5 Conclusion and Future Work

The OLAP drill-down operation is commonly used in data-driven dashboards to enable users to meaningfully zoom in to explore data in more detail. For LADs, this operation can be used to enable educators to identify a sub-cohort of students who deviate from class norms and who may require special attention. In this paper, we provide an automated method called LP-AID for finding and recommending a set of insightful drill-down actions to guide data exploration. To support understanding of student learning approaches, we take a process mining lens to examine and compare student learning behaviour in terms of their learning activities, the relative frequency of each different learning path and the order in which the activities were performed. It examines all drill-down paths and uses Earth Movers’ Stochastic Conformance Checking to score the ‘insightfullness’ of each path by examining the distance between learning behaviours of two cohorts. Furthermore, we use a solution set ranking function that maximizes diversity to rank and select the drill-down paths for instructors to consider.

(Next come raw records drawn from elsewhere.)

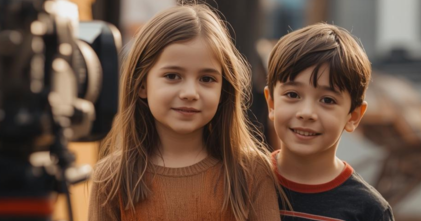 Casting enfant fille et garçon entre 8 et 11 ans pour rôle dans série TF1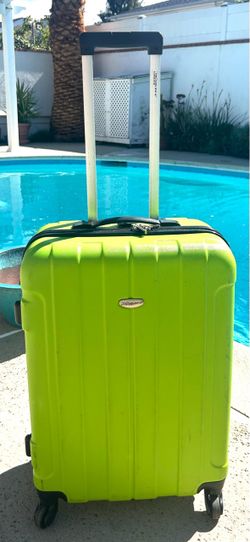 Spinner Suitcase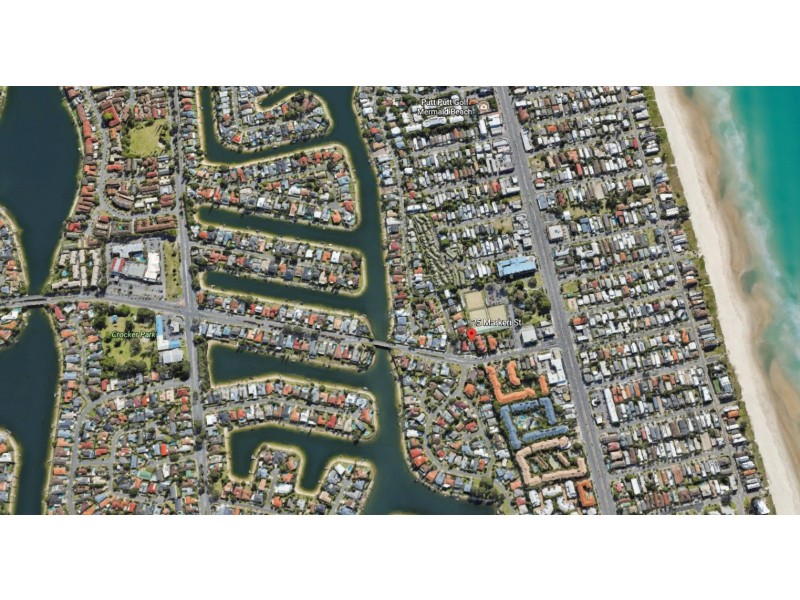 25 MARKERI STREET, Mermaid Waters QLD 4218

We illustrated how LP-AID can be used as part of a LAD to guide the discovery of insightful drill-downs. The learning processes of students based on the recommended drill-downs were visualised and compared, highlighting how the learning process of the identified sub-cohort deviates from the remaining students. Feedback from the instructor of the course suggests that manual drill-downs without guidance can be overwhelming, and that insights gained from the recommendations can be shared with students to encourage change (i.e. application of positive deviance). Future work aims to embed LP-AID in Course Insights and to partner with course instructors through co-creation to investigate (1) the practical implications of our approach and refine it accordingly; (2) the most effective way to present the drill-down recommendations to instructors and (3) the most appropriate visualisation method(s) to present the learning process deviation of sub-cohorts to instructors.